Depression is not something children can “snap out of.” It is a serious mental health problem that affects about 10 percent of children and adolescents in the general population. In fact, depression affects as many as one in every 33 children and one in eight adolescents.

Symptoms
Children and adolescents who struggle with depression often exhibit a combination of symptoms. Depressed children are sad, they lose interest in activities they used to like, and they criticize themselves and feel others criticize them. They feel unloved, pessimistic, or even hopeless about the future; they think that life is not worth living, and thoughts of suicide may be present. Depressed children and adolescents are often irritable, which may lead to aggressive behavior. They are indecisive, have problems concentrating, and may lack energy or motivation; they may neglect their appearance and hygiene; and their normal sleep patterns are disturbed.

Causes
No one thing causes depression, however having a family history of depression, particularly a parent who had depression at an early age, increases the chances that a child or adolescent may develop depression.
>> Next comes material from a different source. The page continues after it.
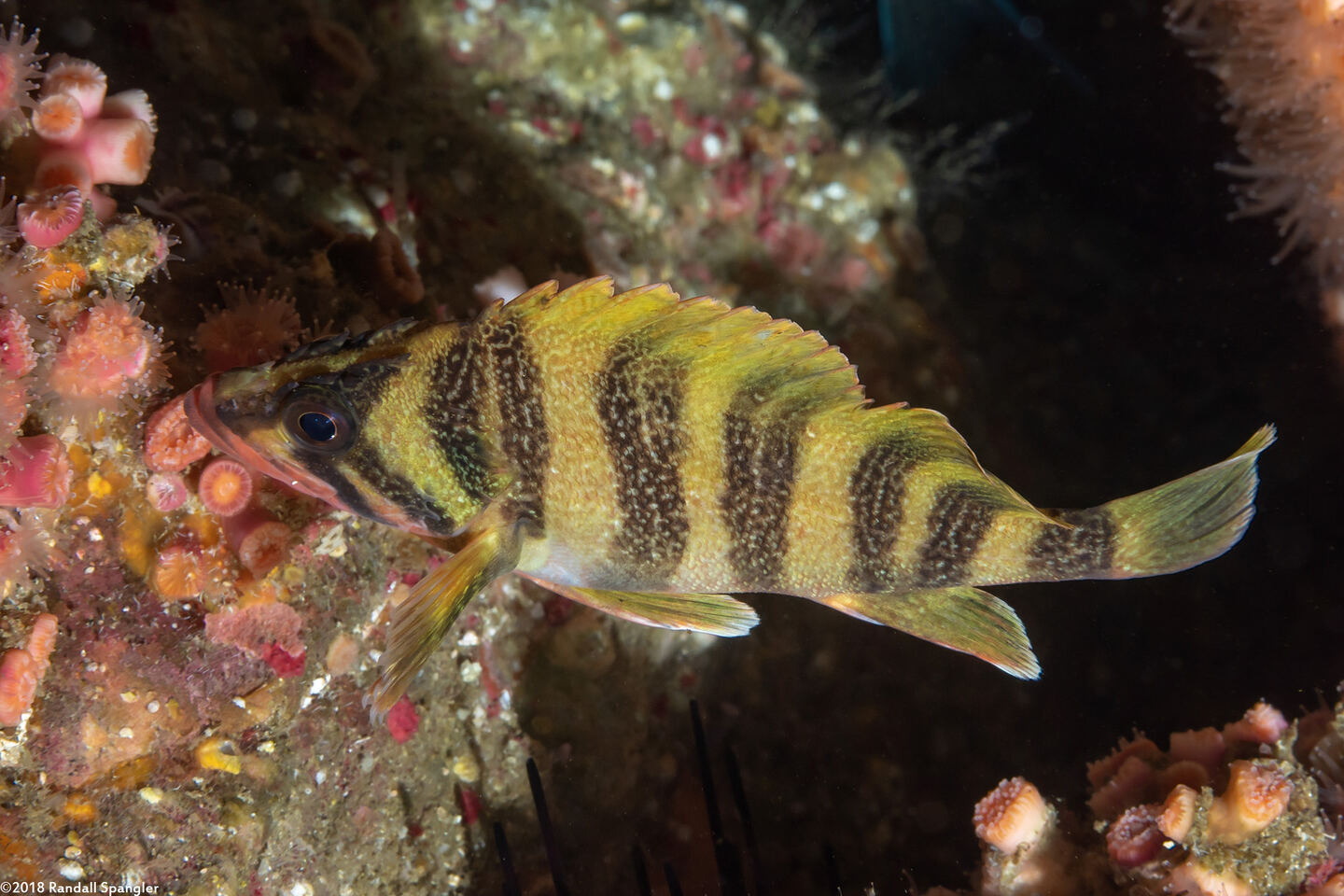 Sebastes serriceps (Treefish)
Family history, stressful life events such as losing a parent, divorce, or discrimination, and other physical or psychological problems, are all factors that contribute to the onset of the disorder.

Treatment
Depression is treatable and a comprehensive treatment often includes both individual and family therapy. Treatment may also include the use of antidepressant medication, the use of which needs to be monitored carefully. Medication as a first-line course of treatment should be considered for children and adolescents with severe symptoms that would prevent effective psychotherapy or those with chronic or recurrent episodes. Optimally, this plan is developed with the family and medical providers. Whenever possible, the child or adolescent should be involved in decisions. This "system of care" is designed to improve the child's ability to function in all areas of life—at home, at school, and in the community.

If you think your child may be experiencing symptoms of depression, trained medical help should be sought immediately. Families can turn to child psychiatrists and psychologists and developmental/behavioral pediatricians. These individuals are those who are most often trained in childhood depression or in the diagnosis of other childhood mental disorders.